Other Nonsteroidal Anti-inflammatory Drugs (NSAIDs): Patients with mild to moderate renal insufficiency should avoid taking NSAIDs with short elimination t½ for a period of 306 of 2 days before, the day of, and 2 days following administration of Pemxcel injection. In the absence of data regarding potential interaction between Pemxcel injection and NSAIDs with longer t½, all patients taking these NSAIDs should interrupt dosing for at least 5 days before, the day of, 2 days following Pemxcel injection administration. If concomitant administration of an NSAID is necessary, patients should be monitored closely for toxicity, especially myelosuppression, renal and gastrointestinal toxicity.

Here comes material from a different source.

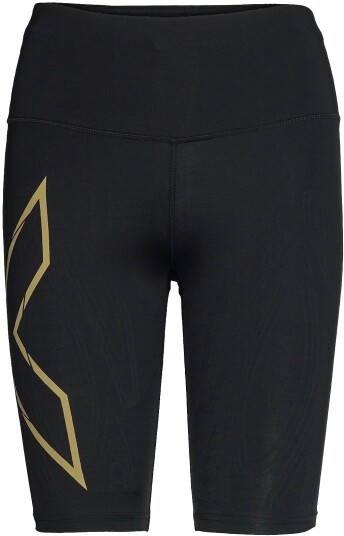 2xu Light Speed Mid-Rise Compression Shorts Dame Black/Gold Reflective XS 2xu Light Speed Mid-Rise Compression Shorts Dame Black/Gold Reflective XS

Nephrotoxic Drugs: Pemxcel injection is primarily eliminated unchanged renally as a result of glomerular filtration and tubular secretion. Concomitant administration of nephrotoxic drugs could result in delayed clearance of Pemxcel injection. Concomitant administration of substances that are also tubularly secreted (eg, probenecid) could potentially result in delayed clearance of Pemxcel injection.
Storage
Store below 25°C, excursion permitted up to 30°C. Protect from light.
MIMS Class
Cytotoxic Chemotherapy
ATC Classification
L01BA04 - pemetrexed ; Belongs to the class of antimetabolites, folic acid analogues. Used in the treatment of cancer.
Presentation/Packing
Powd for infusion (white to almost-white, lyophilized, in vial) 100 mg x 1's. 500 mg x 1's.